Feng made golf history when she became the first golfer from China to play on the LPGA Tour during her rookie year in 2008. On June 10, 2012, Feng became the first ever golfer from mainland China to win an LPGA Tour event and making the win even more impressive was that it came at a major, the Wegmans LPGA Championship. She joined a growing list of players who made major breakthroughs with their win at the tournament, including Korea’s Se Ri Pak (1998) and Taiwan’s Yani Tseng (2008).
Just one year later, the LPGA Tour makes its first trip to the capital of China for the inaugural Reignwood LPGA Classic; a trip that Feng is has looked forward to all season. She’ll be playing alongside 15 fellow Chinese golfers from the China LPGA.
“It's really wonderful that I could play the tournament in my country, especially in the capital city, and it’s amazing that I can have so many Chinese friends playing along with me,” said Feng. “You know, for the past several years, I’m always the only player from mainland China on the Tour, so it will be fun this week.”
Although her win wasn’t immediately recognized in her native country, Feng says she has seen immense interest in the game now more than ever before.
“Actually this sport is growing very fast in China this year,” said Feng. “More international events, more young talents showing up on the world’s golf arena, most importantly more people have joined in the sport.

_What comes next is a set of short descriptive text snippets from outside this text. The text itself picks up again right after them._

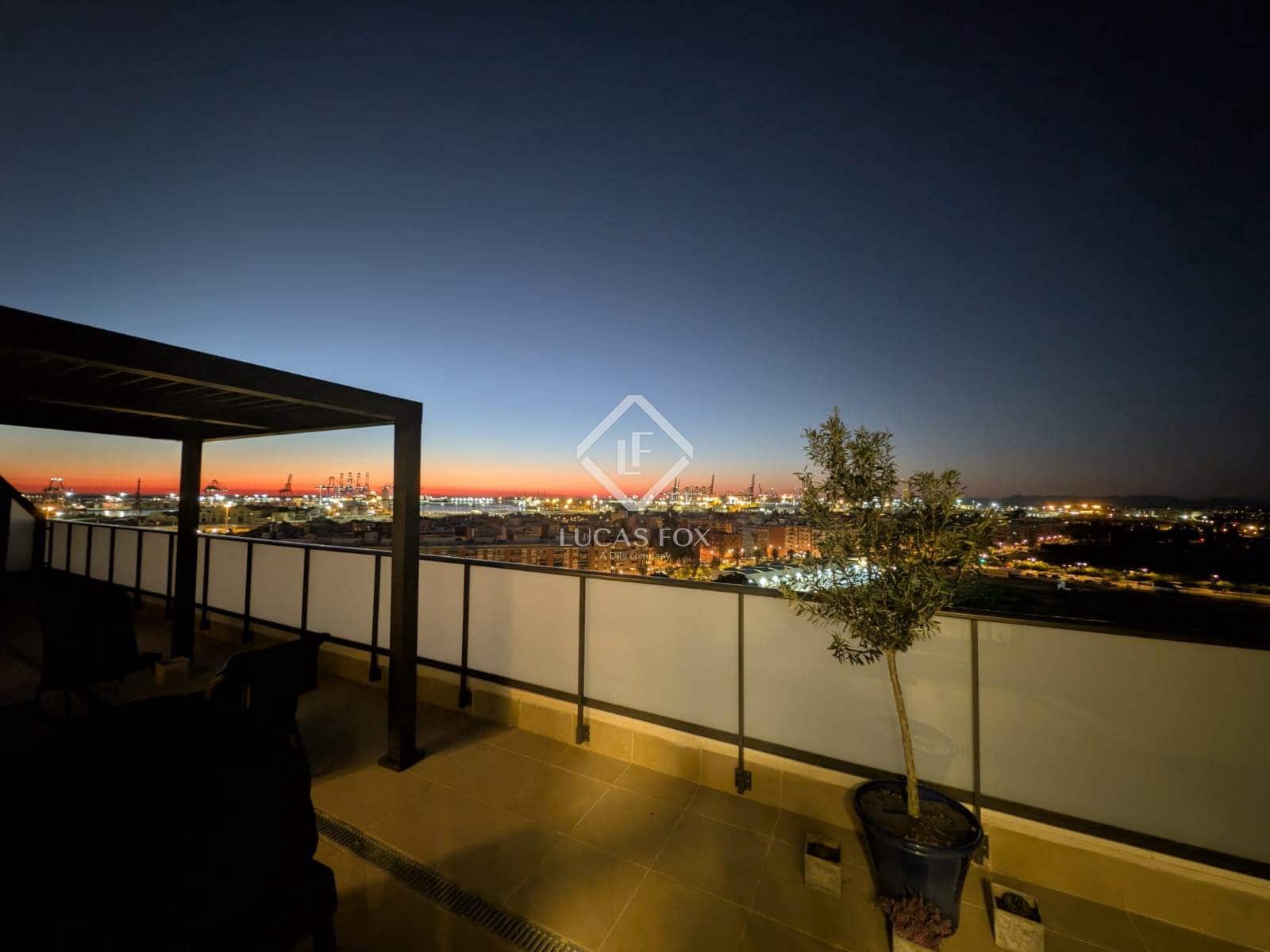 3 soveværelse Penthouse til salg i Valencia by med swimmingpool garage - € 795.000 (Ref: 9025415)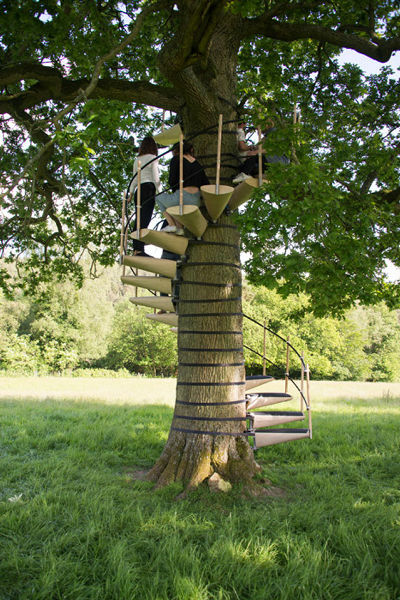 ツリーハウスに最適 樹木に取り付けられる螺旋階段が登場 道具も不要で木も傷つけない簡単エコ仕様 Buzzap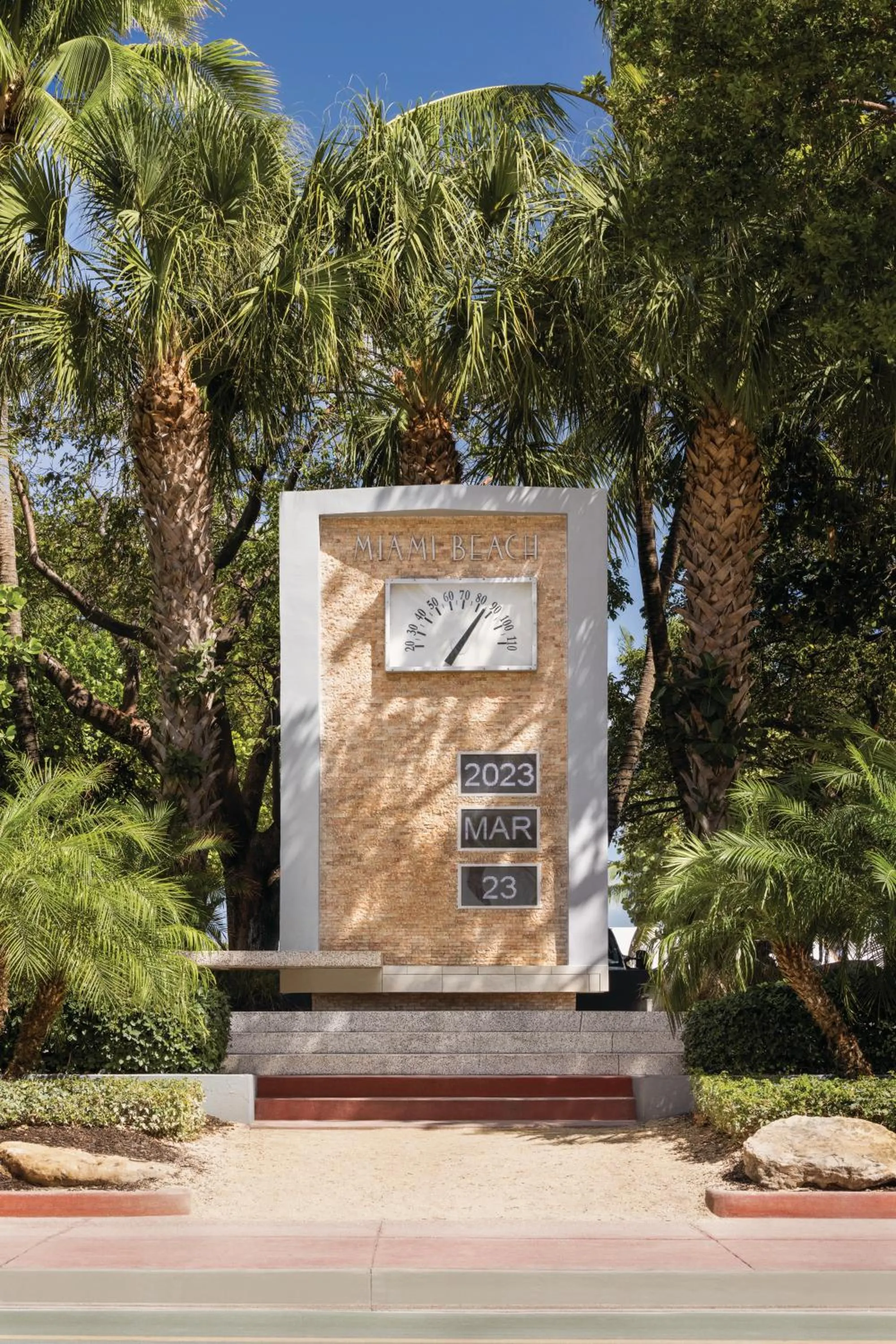 Neighbourhood in Waldorf Towers South Beach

It’s still a young sport in China, you know, it takes time.”
Feng currently ranks No. 9 in the Rolex Rankings and has earned more than $2.8 million in her five-year career.
A product of the Gary Gilchrist Golf Academy, Feng continues to work with the coach who took her from a timid teenager to a full-fledged golf star in just seven years.
Feng was recruited and offered a full-ride scholarship for golf training at the academy in 2006. At 17, Feng wasn’t completely accustomed to the culture and language and second-guessed her decision to move to the U.S. But just one year under Gilchrist’s instruction, she tied for ninth at the LPGA Final Qualifying Tournament and earned exempt status for the 2008 season. Over the next four years she went through the ups and downs of being a professional golfer but stuck with her training not knowing that she would one day make a mark in sports history.
Now as the top-ranked golfer hailing from the People’s Republic of China, Feng doesn’t expect the magic and mayhem that typically greets Yani Tseng when she returns to Taiwan or Se Ri Pak receives in Korea, however she is hopeful that the event will draw attention to the LPGA Tour.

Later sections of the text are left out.